What to work on: Repeat exactly the lines below that lie between the line with "via @Lebanon24" and the line with "Uniqlo VINTAGE Uniqlo", counting both of those lines as part of the answer.

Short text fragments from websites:
┄┄┄┄┄┄┄┄┄┄

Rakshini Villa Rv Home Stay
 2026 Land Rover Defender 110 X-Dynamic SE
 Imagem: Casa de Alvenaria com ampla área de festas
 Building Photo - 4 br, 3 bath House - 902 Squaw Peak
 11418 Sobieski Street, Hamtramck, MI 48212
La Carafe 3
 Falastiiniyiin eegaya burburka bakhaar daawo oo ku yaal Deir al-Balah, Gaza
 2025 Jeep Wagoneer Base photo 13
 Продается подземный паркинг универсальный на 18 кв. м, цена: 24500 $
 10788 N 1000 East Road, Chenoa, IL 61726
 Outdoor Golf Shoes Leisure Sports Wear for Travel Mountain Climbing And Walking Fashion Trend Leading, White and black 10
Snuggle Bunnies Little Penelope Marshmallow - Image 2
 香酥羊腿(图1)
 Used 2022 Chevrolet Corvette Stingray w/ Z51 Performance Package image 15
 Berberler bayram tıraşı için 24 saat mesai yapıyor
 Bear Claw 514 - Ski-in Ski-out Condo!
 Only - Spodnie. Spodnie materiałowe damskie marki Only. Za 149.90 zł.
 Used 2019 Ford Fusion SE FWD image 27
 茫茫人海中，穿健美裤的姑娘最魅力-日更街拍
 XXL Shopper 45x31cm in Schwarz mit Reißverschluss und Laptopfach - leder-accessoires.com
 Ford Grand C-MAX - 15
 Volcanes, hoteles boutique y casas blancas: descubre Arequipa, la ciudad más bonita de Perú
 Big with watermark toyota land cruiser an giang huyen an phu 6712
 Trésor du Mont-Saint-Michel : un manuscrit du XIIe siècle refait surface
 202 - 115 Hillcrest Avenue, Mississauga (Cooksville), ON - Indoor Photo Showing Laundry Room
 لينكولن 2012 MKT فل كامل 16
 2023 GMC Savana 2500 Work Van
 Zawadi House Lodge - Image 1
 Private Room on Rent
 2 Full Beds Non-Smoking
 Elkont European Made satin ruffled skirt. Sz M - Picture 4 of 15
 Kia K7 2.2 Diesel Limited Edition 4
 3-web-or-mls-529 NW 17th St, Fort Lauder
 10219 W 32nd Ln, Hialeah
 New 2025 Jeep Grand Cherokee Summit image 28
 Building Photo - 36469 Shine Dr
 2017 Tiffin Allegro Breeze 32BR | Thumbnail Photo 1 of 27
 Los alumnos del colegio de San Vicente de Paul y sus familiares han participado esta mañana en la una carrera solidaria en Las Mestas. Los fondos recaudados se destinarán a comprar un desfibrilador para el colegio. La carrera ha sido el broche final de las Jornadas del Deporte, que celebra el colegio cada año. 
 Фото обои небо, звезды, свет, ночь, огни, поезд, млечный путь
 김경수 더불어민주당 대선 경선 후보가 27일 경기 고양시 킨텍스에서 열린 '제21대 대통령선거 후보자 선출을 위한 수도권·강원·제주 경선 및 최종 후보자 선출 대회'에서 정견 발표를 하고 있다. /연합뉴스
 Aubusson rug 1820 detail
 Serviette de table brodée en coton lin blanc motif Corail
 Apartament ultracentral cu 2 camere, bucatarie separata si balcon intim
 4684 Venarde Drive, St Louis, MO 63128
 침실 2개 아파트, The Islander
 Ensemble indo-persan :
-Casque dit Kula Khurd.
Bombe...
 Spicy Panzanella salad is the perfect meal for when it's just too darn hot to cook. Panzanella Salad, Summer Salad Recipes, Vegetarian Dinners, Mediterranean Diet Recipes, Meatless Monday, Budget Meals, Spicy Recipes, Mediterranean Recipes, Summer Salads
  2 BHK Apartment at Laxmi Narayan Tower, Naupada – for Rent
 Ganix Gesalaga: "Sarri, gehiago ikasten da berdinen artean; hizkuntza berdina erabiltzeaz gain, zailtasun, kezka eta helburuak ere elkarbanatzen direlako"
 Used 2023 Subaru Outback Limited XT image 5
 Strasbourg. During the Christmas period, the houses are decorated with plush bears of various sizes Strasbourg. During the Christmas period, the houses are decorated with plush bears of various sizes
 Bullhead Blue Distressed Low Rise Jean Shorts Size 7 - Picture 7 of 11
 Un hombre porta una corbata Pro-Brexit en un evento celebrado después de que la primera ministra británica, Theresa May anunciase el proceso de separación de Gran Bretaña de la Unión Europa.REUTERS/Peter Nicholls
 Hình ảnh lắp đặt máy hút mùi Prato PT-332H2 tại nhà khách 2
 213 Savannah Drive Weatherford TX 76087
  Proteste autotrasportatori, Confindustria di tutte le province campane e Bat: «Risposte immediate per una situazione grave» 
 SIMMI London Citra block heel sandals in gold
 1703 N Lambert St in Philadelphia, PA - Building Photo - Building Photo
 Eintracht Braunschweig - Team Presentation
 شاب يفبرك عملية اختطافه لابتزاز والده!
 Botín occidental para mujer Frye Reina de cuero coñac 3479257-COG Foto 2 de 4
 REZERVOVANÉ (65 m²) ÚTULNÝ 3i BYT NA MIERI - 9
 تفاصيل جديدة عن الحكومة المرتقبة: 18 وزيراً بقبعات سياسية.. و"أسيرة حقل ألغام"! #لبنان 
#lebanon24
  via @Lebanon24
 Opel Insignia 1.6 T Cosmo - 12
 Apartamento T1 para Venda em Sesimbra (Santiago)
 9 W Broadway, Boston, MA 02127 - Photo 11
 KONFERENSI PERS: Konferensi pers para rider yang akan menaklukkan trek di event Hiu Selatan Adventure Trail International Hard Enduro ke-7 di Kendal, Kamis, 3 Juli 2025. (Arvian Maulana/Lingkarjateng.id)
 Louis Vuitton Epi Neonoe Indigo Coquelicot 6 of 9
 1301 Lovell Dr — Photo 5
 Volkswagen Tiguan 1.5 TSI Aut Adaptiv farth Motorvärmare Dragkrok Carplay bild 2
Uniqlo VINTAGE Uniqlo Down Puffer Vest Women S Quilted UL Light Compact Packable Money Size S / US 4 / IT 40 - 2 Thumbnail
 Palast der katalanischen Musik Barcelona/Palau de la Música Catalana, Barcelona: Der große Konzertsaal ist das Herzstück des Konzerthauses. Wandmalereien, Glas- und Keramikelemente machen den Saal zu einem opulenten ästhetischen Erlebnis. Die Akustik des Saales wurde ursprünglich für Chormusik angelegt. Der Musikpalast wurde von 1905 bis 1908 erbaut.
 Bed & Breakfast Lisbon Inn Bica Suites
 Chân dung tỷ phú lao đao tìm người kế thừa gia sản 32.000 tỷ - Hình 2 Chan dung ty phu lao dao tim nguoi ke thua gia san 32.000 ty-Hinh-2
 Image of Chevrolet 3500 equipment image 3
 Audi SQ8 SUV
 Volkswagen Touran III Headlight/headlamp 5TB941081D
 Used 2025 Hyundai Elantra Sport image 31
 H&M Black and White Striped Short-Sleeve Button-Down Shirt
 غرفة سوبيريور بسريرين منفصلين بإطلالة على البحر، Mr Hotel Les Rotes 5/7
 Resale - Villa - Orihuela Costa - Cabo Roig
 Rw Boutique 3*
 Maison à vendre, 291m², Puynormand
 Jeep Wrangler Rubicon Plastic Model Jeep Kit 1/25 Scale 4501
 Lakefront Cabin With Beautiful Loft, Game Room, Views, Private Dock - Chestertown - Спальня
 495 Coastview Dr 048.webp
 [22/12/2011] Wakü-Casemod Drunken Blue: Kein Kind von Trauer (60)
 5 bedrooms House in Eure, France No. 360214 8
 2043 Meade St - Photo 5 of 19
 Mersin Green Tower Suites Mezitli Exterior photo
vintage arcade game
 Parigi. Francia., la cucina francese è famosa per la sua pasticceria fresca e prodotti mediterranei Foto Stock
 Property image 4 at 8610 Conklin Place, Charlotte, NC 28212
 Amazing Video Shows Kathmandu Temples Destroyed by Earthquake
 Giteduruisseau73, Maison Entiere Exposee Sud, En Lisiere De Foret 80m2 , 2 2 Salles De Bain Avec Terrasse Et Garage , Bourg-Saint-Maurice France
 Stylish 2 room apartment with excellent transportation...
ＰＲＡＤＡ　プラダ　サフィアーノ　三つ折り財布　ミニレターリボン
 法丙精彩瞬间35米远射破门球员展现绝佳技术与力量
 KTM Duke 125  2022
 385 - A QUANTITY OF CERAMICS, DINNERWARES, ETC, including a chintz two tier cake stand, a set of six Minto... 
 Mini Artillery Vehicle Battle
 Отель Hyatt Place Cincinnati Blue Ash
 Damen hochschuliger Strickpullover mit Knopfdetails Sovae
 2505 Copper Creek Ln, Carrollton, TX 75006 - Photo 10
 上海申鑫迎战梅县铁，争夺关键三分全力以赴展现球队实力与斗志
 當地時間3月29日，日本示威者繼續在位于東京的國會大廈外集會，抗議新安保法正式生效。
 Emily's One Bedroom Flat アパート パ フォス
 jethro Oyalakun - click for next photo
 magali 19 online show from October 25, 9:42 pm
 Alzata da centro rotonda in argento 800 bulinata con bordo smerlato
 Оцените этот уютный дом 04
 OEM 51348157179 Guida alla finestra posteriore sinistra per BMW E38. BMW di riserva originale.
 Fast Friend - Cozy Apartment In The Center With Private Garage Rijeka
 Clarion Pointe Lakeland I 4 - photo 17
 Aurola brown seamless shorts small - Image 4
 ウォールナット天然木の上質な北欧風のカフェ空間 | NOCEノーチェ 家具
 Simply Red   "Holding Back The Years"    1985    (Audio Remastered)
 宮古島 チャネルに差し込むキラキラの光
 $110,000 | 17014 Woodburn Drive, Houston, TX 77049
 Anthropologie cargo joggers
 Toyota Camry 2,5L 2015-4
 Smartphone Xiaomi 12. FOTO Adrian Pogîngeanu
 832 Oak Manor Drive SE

┄┄┄┄┄┄┄┄┄┄

Reply:
  via @Lebanon24
 Opel Insignia 1.6 T Cosmo - 12
 Apartamento T1 para Venda em Sesimbra (Santiago)
 9 W Broadway, Boston, MA 02127 - Photo 11
 KONFERENSI PERS: Konferensi pers para rider yang akan menaklukkan trek di event Hiu Selatan Adventure Trail International Hard Enduro ke-7 di Kendal, Kamis, 3 Juli 2025. (Arvian Maulana/Lingkarjateng.id)
 Louis Vuitton Epi Neonoe Indigo Coquelicot 6 of 9
 1301 Lovell Dr — Photo 5
 Volkswagen Tiguan 1.5 TSI Aut Adaptiv farth Motorvärmare Dragkrok Carplay bild 2
Uniqlo VINTAGE Uniqlo Down Puffer Vest Women S Quilted UL Light Compact Packable Money Size S / US 4 / IT 40 - 2 Thumbnail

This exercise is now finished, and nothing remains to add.